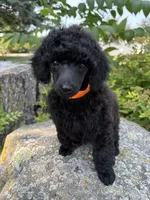 Dandy, a male Poodle - Miniature  for sale in Pine City, MN – 8 of 8
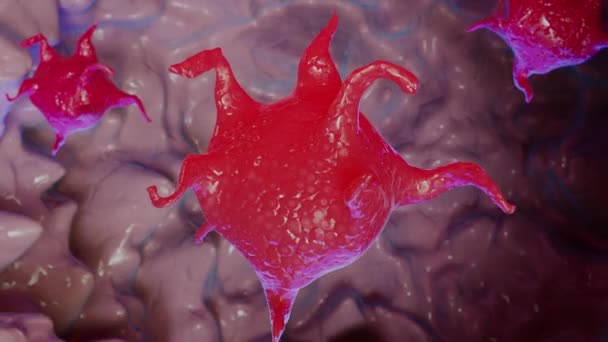 Анімовані Тромбоцити Кров Яна Клітина Візуалізація — стокове відео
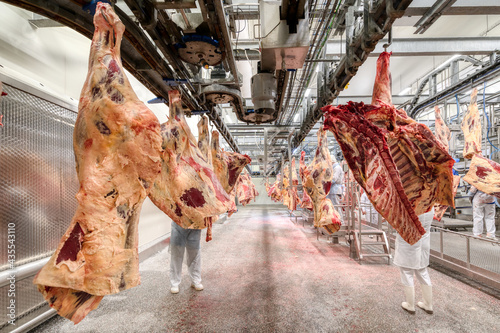 Chopped beef carcasses. Overhead conveyor for cow carcasses, meat production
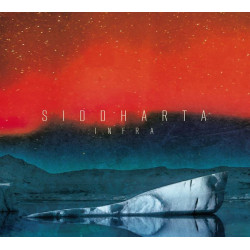 SIDDHARTA - Infra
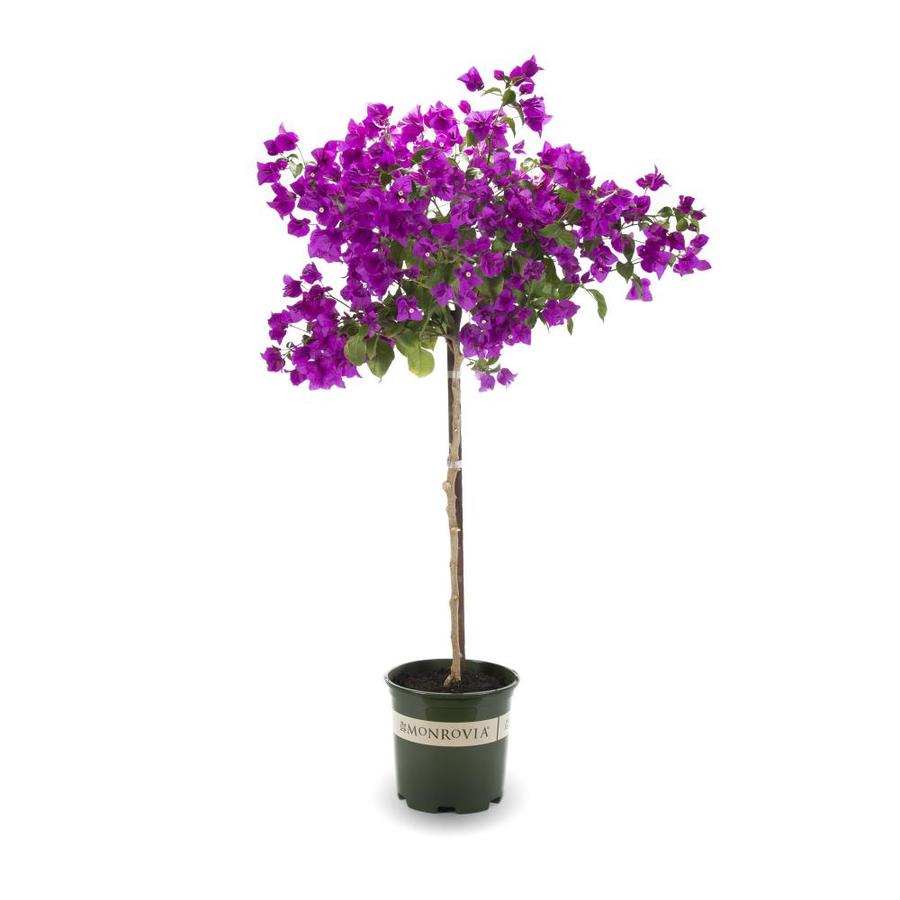 Monrovia 1.6-Gallon Purple Purple Queen Bougainvillea Flowering Shrub ...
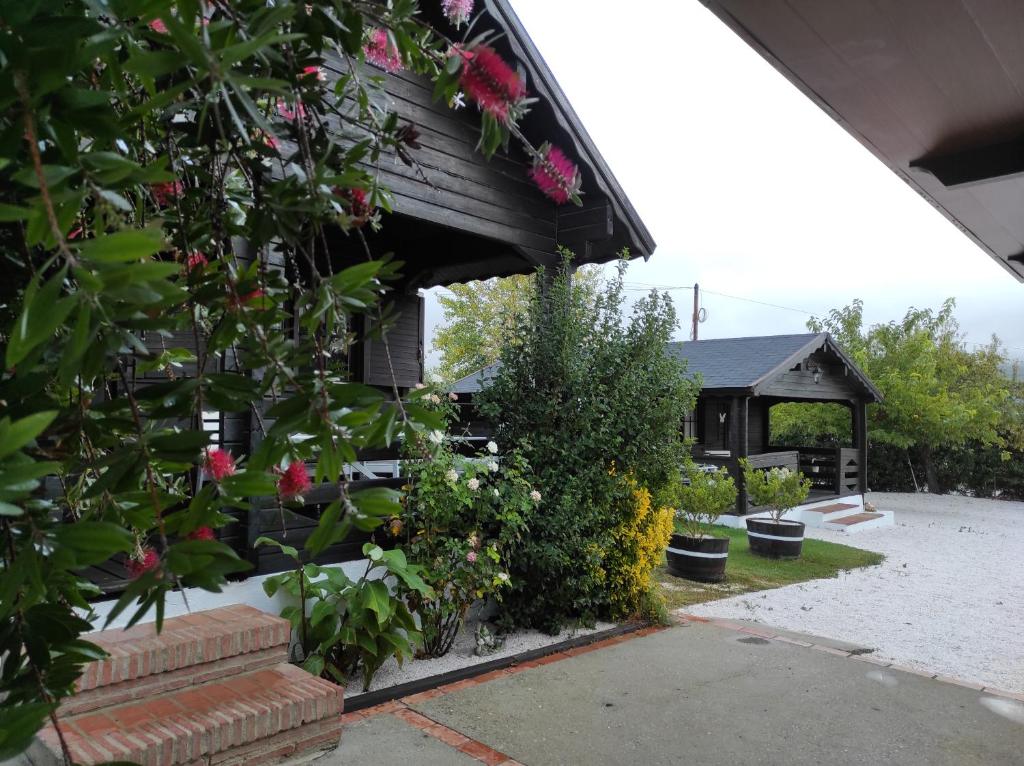 Casa Rural Las Bodegas - 7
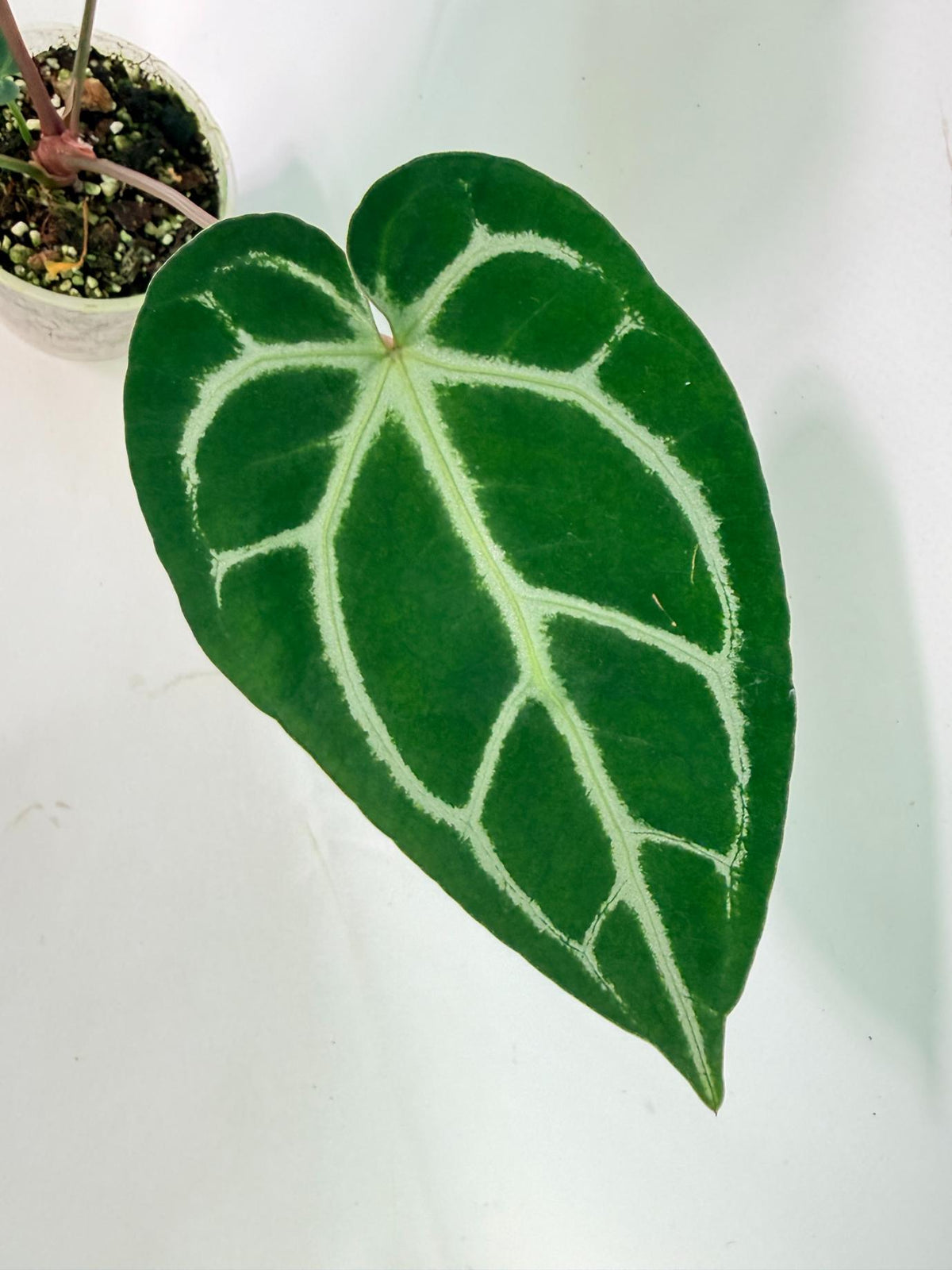 Anthurium Wonderboy A x Anthurium FTG Crystallinum x Anthurium Dorayaki 07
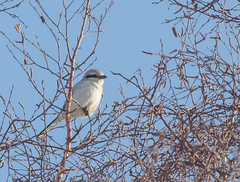 Lanius excubitor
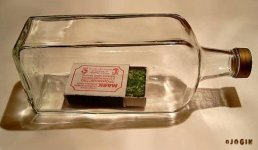 438eab0aa677.jpg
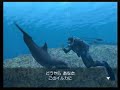 [Wii] Endless Ocean JPN - Play movie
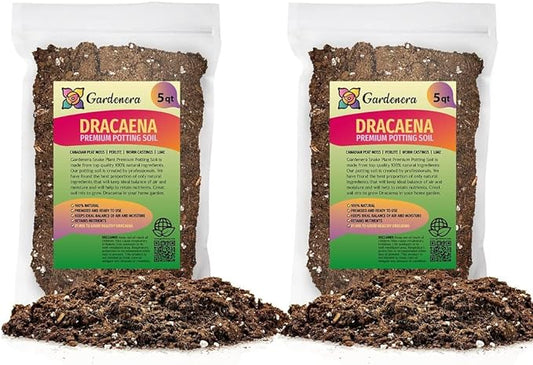Premium Dracaena Potting Soil Mix - (10 Quart Bag)-VerdiqueGarden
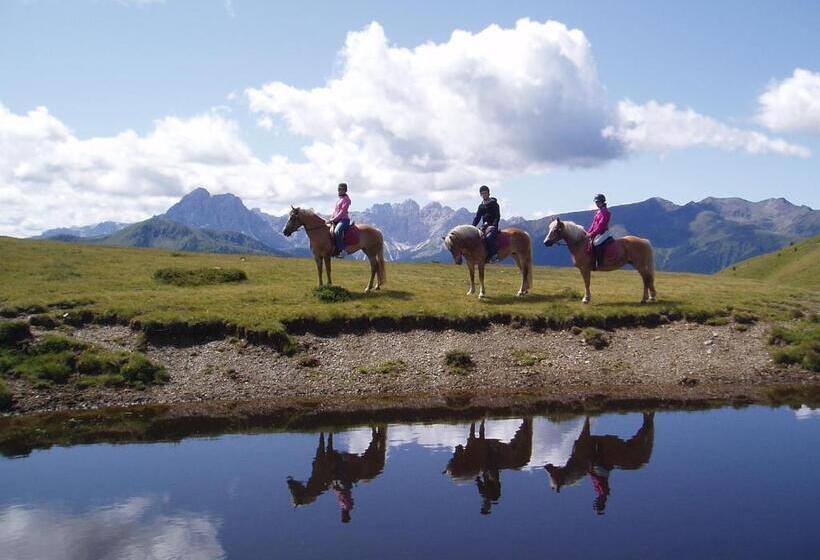 בית מלון כפרי Herol   My Mountain Retreat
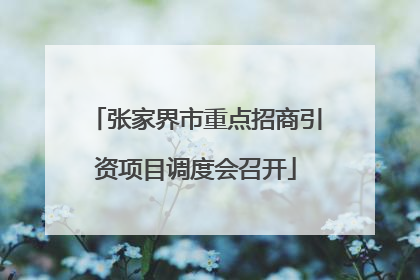张家界市重点招商引资项目调度会召开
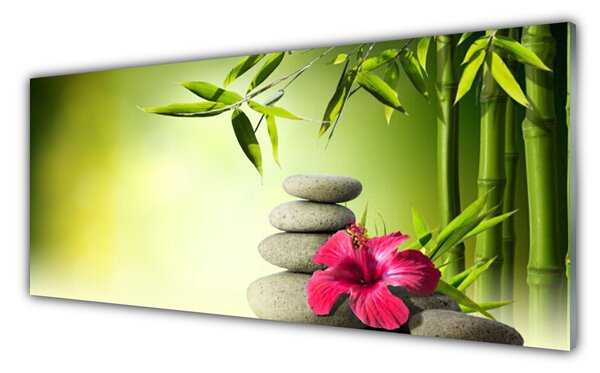 Tablou pe sticla Bamboo Tub flori Stones Floral Verde Roșu Gri
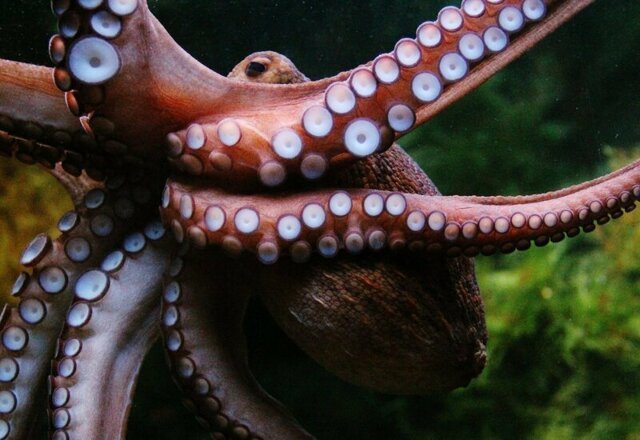 Опасность разведения осьминогов: стоит ли этих существ превращать в «морской скот»?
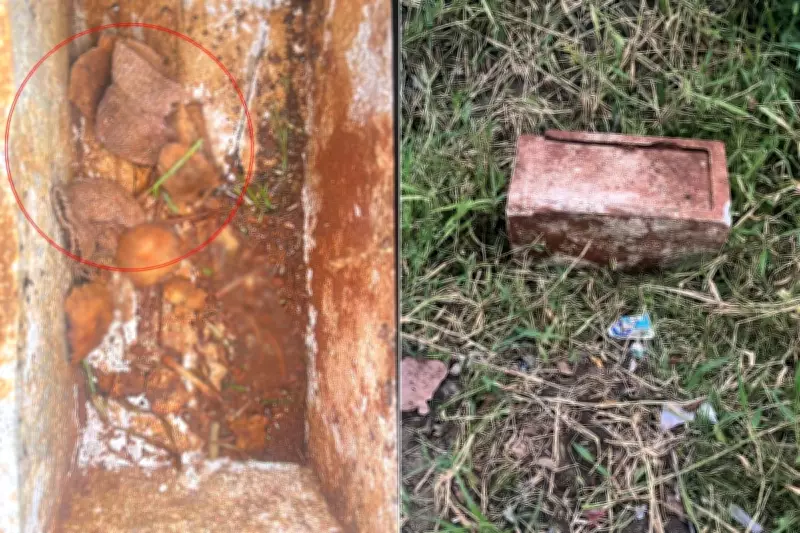 Luvas de bebê intactas são encontradas com ossada em caixa de concreto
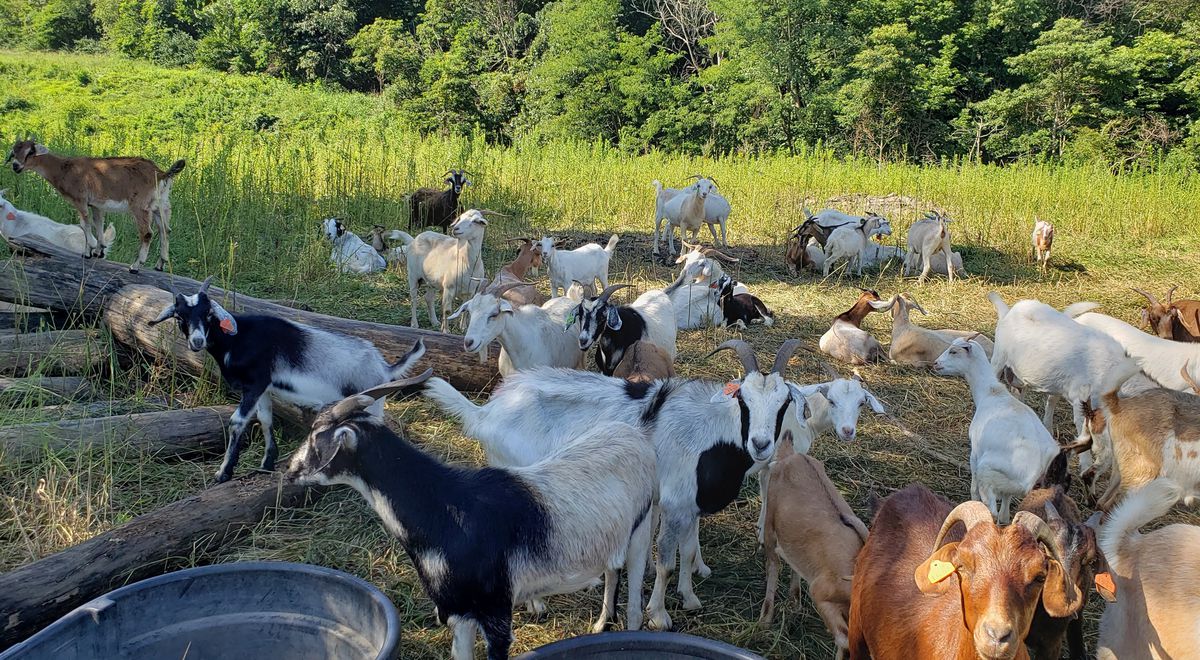 A herd of white, black, and brown goats feeding, walking, sitting down, and resting. They are in a sloped area with tall grasses, bushes, and trees.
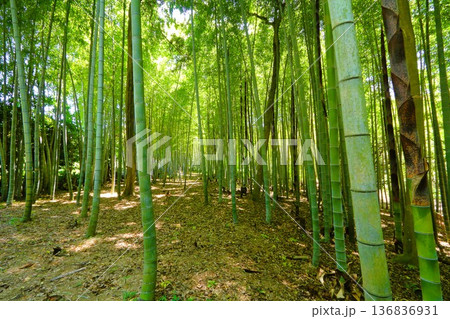 5月の竹林 5月の竹林 136836931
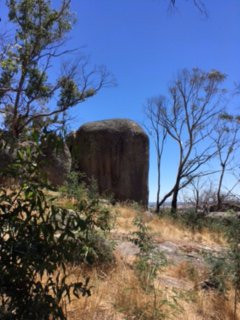 Blackhill Reserve-凯尼顿必去景点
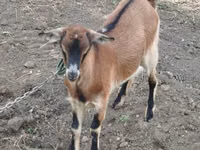 Kambing betina, Goats — foto 5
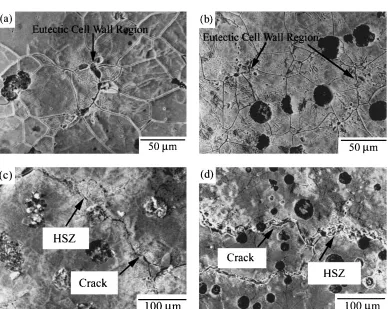 Fig. 11Cracks initiation and propagation feature after
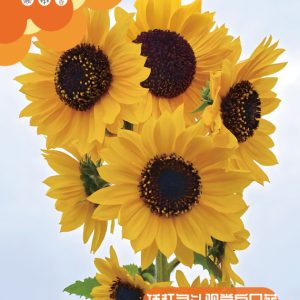Short stem multi-headed sunflower ( 50 seeds)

##########

• _What is being asked_: Set down the data above verbatim, omitting every image.

• _Output below_:
 Dandy, a male Poodle - Miniature  for sale in Pine City, MN – 8 of 8
 Анімовані Тромбоцити Кров Яна Клітина Візуалізація — стокове відео
 Chopped beef carcasses. Overhead conveyor for cow carcasses, meat production
 SIDDHARTA - Infra
 Monrovia 1.6-Gallon Purple Purple Queen Bougainvillea Flowering Shrub ...
 Casa Rural Las Bodegas - 7
 Anthurium Wonderboy A x Anthurium FTG Crystallinum x Anthurium Dorayaki 07
 Lanius excubitor
 438eab0aa677.jpg
 [Wii] Endless Ocean JPN - Play movie
Premium Dracaena Potting Soil Mix - (10 Quart Bag)-VerdiqueGarden
 בית מלון כפרי Herol   My Mountain Retreat
张家界市重点招商引资项目调度会召开
 Tablou pe sticla Bamboo Tub flori Stones Floral Verde Roșu Gri
 Опасность разведения осьминогов: стоит ли этих существ превращать в «морской скот»?
 Luvas de bebê intactas são encontradas com ossada em caixa de concreto
 A herd of white, black, and brown goats feeding, walking, sitting down, and resting. They are in a sloped area with tall grasses, bushes, and trees.
 5月の竹林 5月の竹林 136836931
 Blackhill Reserve-凯尼顿必去景点
 Kambing betina, Goats — foto 5
 Fig. 11Cracks initiation and propagation feature after
Short stem multi-headed sunflower ( 50 seeds)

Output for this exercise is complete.